A lot of countries, particularly in Eastern Europe, have this concern about their energy supply, and there is a suggestion that should these harsher sanctions – these harsher measures be taken – they should be compensated in some way for losses to their economies. Was this something that was discussed, and is this something you think is feasible?
Well, it wasn’t something that was discussed. I mean, look, there’s a longer term issue here, which is that Europe needs to make itself more resilient and more independent in terms of its energy. And there was a good and long discussion about that, there were some good conclusions that you’ll see published today, asking the Commission to draw up a plan. But also, at – at my insistence, actually explanations of some of the things – like the Southern gas corridor, like making sure that shale gas can be imported from the US, like the way we approach the TTIP agreement – that I think could make a difference.
I also think that if you look at a map of Europe, and you look at a map of where shale gas is available, you see substantial shale gas reserves, not just in the UK, which we should be looking at, but also you see a lot of shale gas in Southern and Eastern Europe, which is worth exploiting as well.
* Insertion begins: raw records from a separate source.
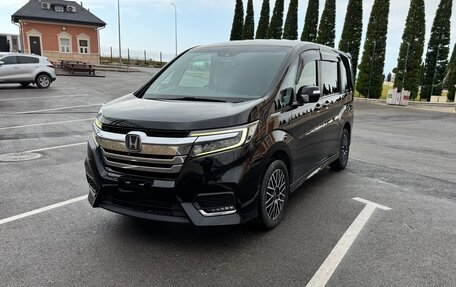 Honda Stepwgn IV, 2019 год, 3 200 000 рублей, 14 фотография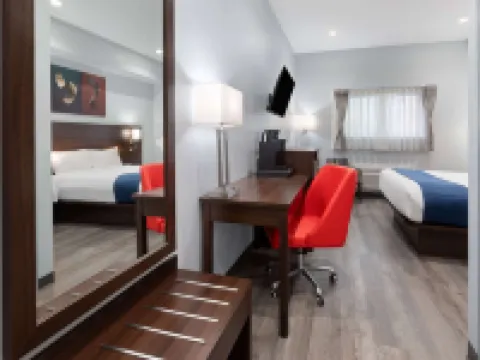 Travelodge by Wyndham Cochrane Hotels in Cochrane District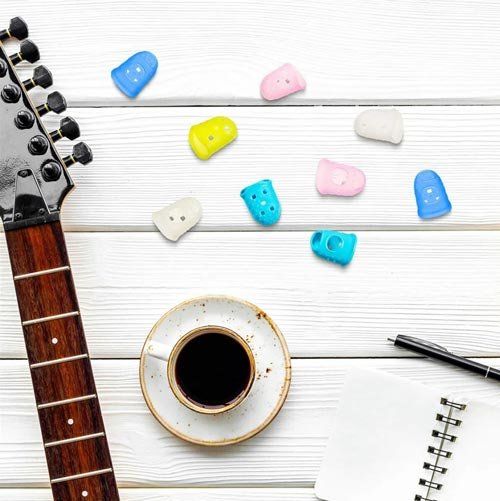 Strumenti musicali: Gitarren-Fingerschutz – Nuovo e nell'imballaggio originale da Liestal venduto da OMAROSHOP 3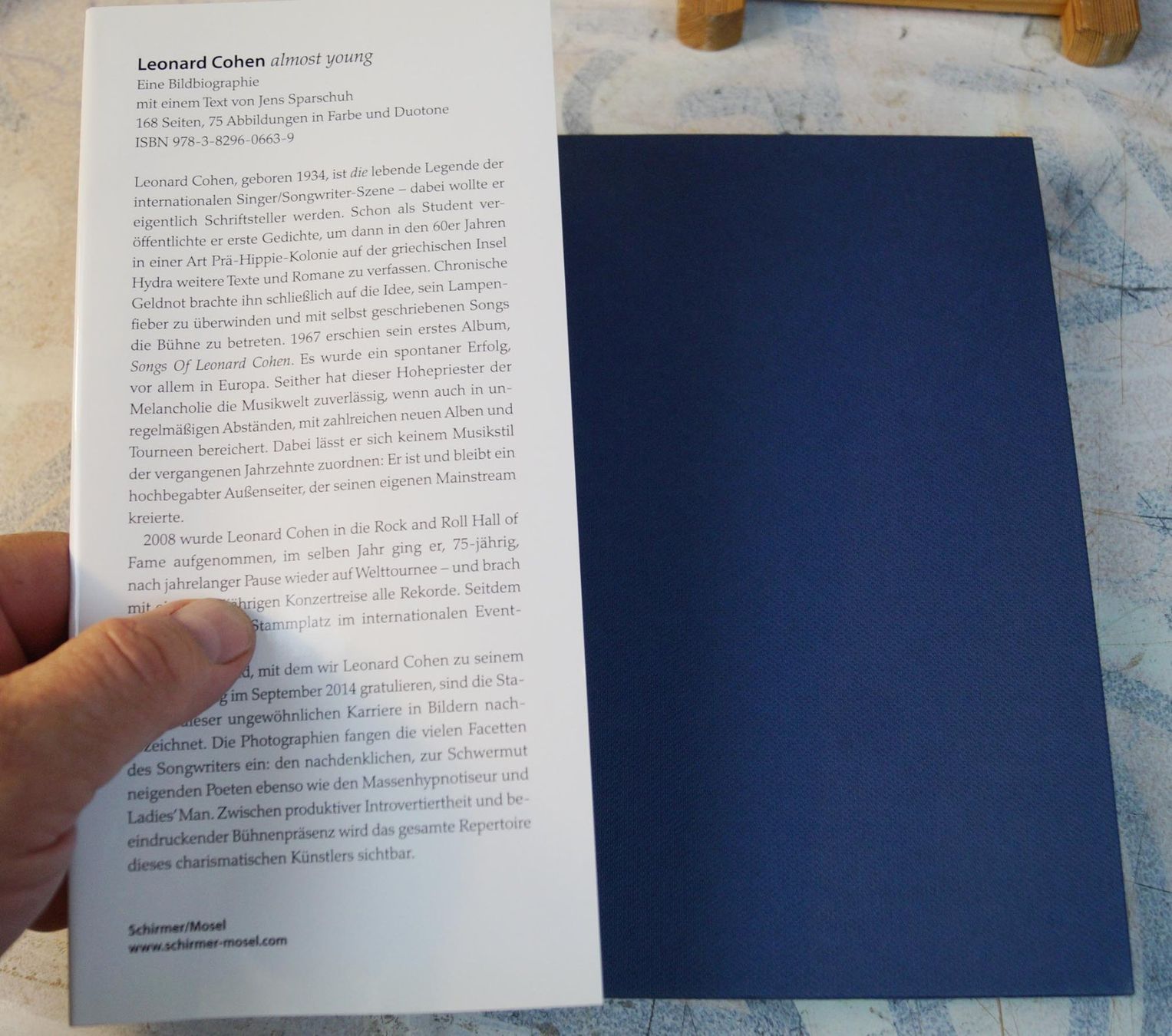 Bücher: Leonard Cohen – Almost Young. Bildbiographie. – Gebraucht aus Härkingen von sammelbecken 1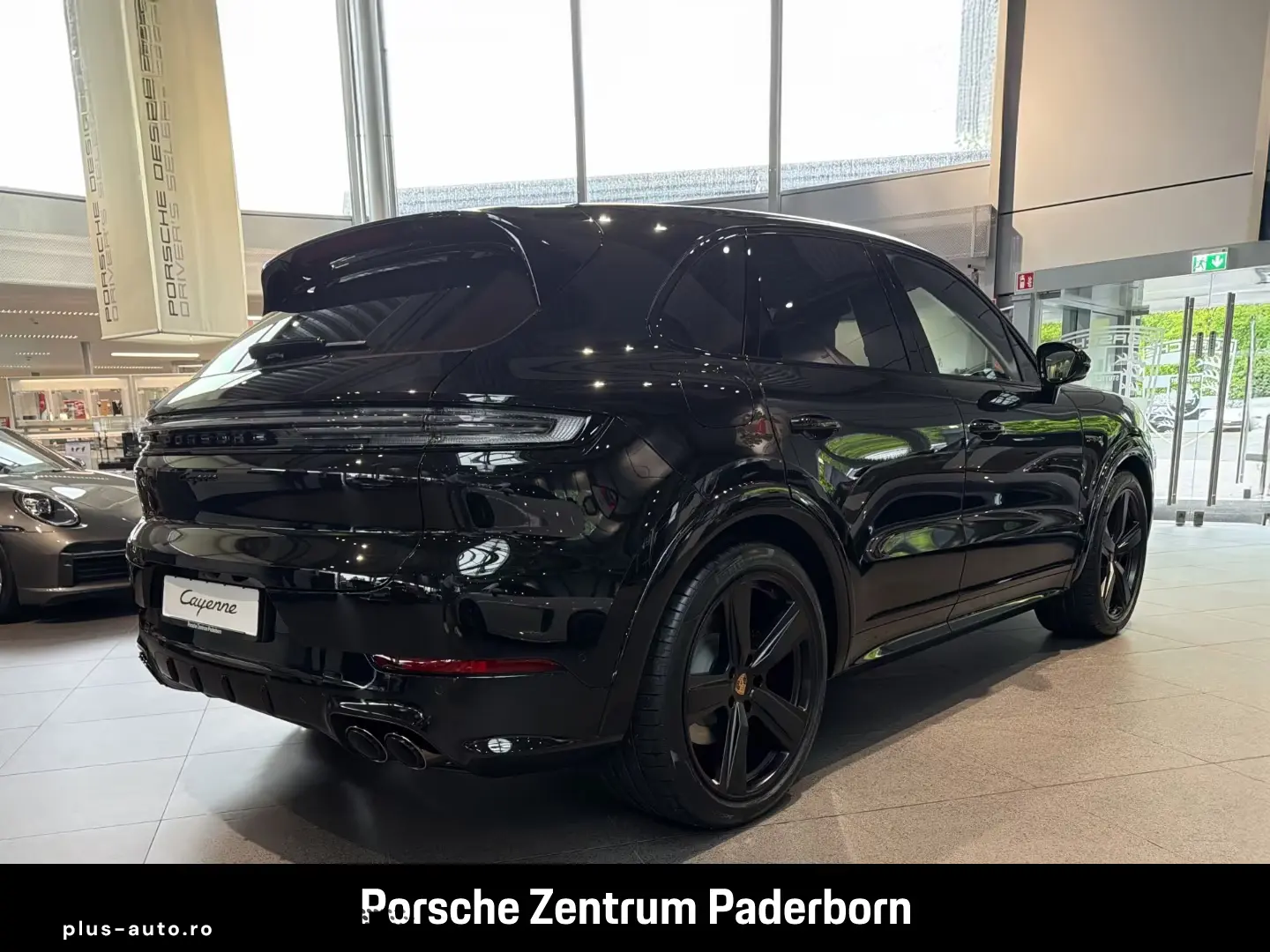 Porsche Cayenne E-Hybrid Black Edition
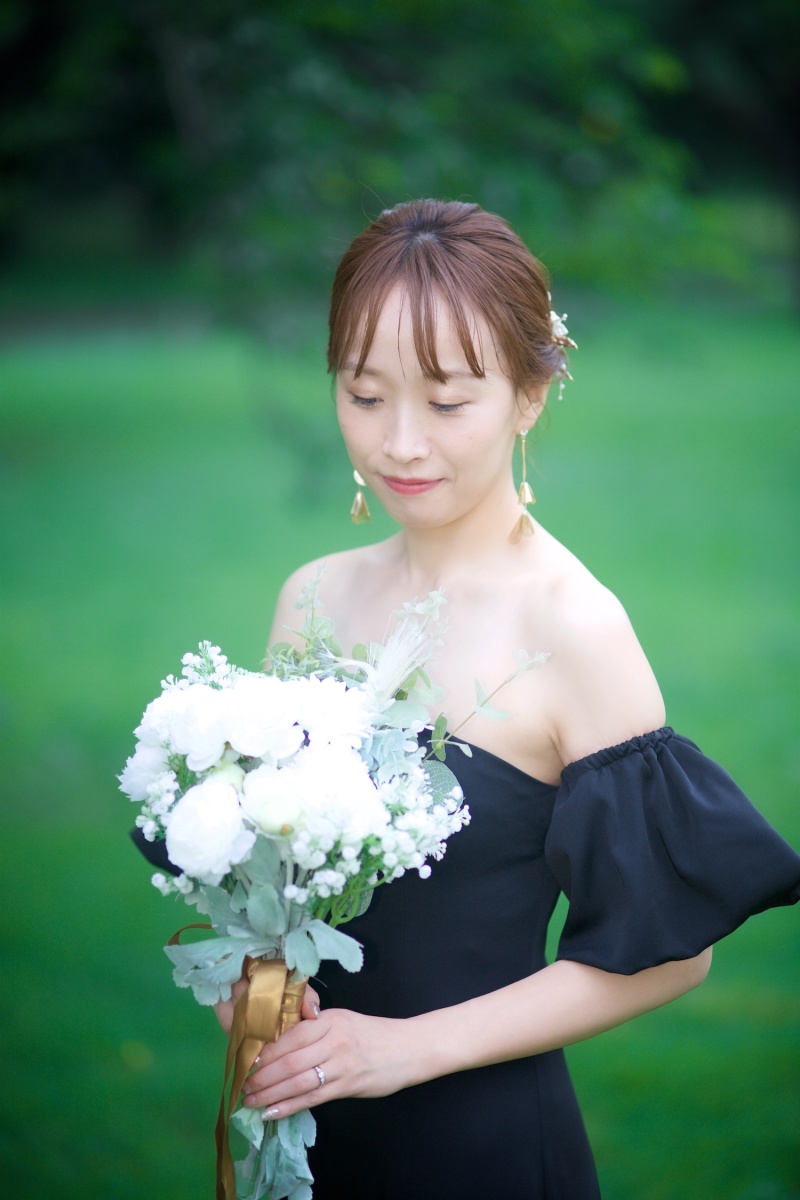 ご新婦様ソロショット!素敵なドレスが映える1枚に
So there is I think the issue with energy is that we should be looking at the long term energy diversification security and resilience right across Europe, that’s something I think colleagues are now enthusiastically pursuing.
We should also remember that of course Europe is, I think, 25% or so reliant on Russian gas, but if you look at Gazprom’s revenues, something like 50% of them come from Europe. So, you know, Russia needs Europe more than Europe needs Russia, and that’s an important point to make in these conversations.
Prime Minister, have you had a chance to talk to the Portuguese government about the disappearance of Madeleine McCann and Scotland Yard’s investigation into her disappearance?
And on a lighter note, bingo – the Chancellor says he loves playing the game, Nick Clegg says he’s a fan. Are you a fan? Do you play? Or do you plan on playing bingo in the near future?
On Madeleine McCann, I have spoken to the Portuguese Prime Minister before, I didn’t speak to him at this Council about this issue, but obviously, I’m pleased that the Metropolitan police have taken this case forward, and they’ve been working with the Portuguese, and I stand ready if ever required to speak to the Portuguese Prime Minister or other Portuguese authorities again. But I haven’t been asked to by the Metropolitan police, so I think then they seem to be making some progress.
On the issue of bingo, the issue here is trying to make sure that we have a fair tax system, and I think bingo wasn’t taxed fairly, and I’m very pleased that we’ve managed to cut the tax on bingo.
I wanted to ask you whether you have discussed other regions around Russia, such as Transnistria? Have you mentioned Moldova, and do you plan on signing DAAs with Georgia and Moldova sooner than August?
Yes, we do actually. The conclusions say that the European Union reconfirms its objective to further strengthen the political association and economic integration with Georgia and the Republic of Moldova. We confirm our aim to sign the association agreements, including the deep and comprehensive free trade areas, which we initialled in Vilnius last November, no later than June 2014. That was a change that we made last night, and I think that was a very positive signal.
Obviously there were discussions about other regions and areas, and I think a general lesson people were drawing, which is that if this can happen in Ukraine, then we have to be very clear about how unacceptable it is, because otherwise we will face similar situations in similar countries with a similar sort of unacceptable behaviour.